WHAT TO WORK ON ->
Look through the entries for the string "Ford" and copy every line where it shows up.
** Opening INPUT FOR THIS TASK block **
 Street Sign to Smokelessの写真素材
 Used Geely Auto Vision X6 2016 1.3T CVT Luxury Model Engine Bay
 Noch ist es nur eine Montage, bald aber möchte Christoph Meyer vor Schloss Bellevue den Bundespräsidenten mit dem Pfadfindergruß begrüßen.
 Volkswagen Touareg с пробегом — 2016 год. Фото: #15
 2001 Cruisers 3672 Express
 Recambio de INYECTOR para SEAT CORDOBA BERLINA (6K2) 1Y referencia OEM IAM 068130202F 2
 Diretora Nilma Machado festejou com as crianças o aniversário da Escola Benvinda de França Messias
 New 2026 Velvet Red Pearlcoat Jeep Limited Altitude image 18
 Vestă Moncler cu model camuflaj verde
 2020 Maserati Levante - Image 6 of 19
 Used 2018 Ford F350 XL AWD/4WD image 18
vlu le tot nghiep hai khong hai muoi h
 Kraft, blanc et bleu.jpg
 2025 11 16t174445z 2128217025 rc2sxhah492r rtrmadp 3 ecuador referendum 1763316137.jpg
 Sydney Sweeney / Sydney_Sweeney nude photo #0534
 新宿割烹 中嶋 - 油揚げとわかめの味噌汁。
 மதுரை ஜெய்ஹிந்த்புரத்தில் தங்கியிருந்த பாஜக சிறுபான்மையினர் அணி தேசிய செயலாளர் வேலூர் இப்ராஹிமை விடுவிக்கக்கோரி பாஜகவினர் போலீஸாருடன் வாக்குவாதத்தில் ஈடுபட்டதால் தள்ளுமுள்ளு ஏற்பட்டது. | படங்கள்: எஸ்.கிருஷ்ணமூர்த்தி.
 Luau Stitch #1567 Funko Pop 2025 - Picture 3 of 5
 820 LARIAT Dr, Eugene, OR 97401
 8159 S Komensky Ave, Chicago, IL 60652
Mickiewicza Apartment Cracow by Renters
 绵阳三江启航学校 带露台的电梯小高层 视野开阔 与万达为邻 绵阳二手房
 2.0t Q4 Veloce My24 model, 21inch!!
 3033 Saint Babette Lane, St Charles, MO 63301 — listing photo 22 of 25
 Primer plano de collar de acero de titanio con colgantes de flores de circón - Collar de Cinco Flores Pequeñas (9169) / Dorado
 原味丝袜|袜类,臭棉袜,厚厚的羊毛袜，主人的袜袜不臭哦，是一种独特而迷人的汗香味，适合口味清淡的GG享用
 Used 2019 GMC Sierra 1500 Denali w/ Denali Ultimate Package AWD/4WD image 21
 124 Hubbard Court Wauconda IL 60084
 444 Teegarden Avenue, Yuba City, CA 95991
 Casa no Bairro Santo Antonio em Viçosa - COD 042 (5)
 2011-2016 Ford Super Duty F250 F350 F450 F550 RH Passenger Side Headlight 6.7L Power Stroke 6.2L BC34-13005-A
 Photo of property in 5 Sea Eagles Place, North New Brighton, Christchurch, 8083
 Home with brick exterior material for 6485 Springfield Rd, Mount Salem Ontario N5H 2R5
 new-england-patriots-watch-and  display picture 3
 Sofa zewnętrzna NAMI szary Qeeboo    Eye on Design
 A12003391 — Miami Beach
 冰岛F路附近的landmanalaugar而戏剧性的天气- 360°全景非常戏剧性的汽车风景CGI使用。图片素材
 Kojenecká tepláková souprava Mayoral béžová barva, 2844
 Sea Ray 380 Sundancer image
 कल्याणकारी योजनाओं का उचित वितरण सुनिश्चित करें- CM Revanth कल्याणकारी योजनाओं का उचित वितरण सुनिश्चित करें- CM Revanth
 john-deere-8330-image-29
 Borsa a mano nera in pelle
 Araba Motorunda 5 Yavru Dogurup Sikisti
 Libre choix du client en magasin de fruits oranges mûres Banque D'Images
** Closing INPUT FOR THIS TASK block **
EXERCISE OUTPUT ->
 Used 2018 Ford F350 XL AWD/4WD image 18
 2011-2016 Ford Super Duty F250 F350 F450 F550 RH Passenger Side Headlight 6.7L Power Stroke 6.2L BC34-13005-A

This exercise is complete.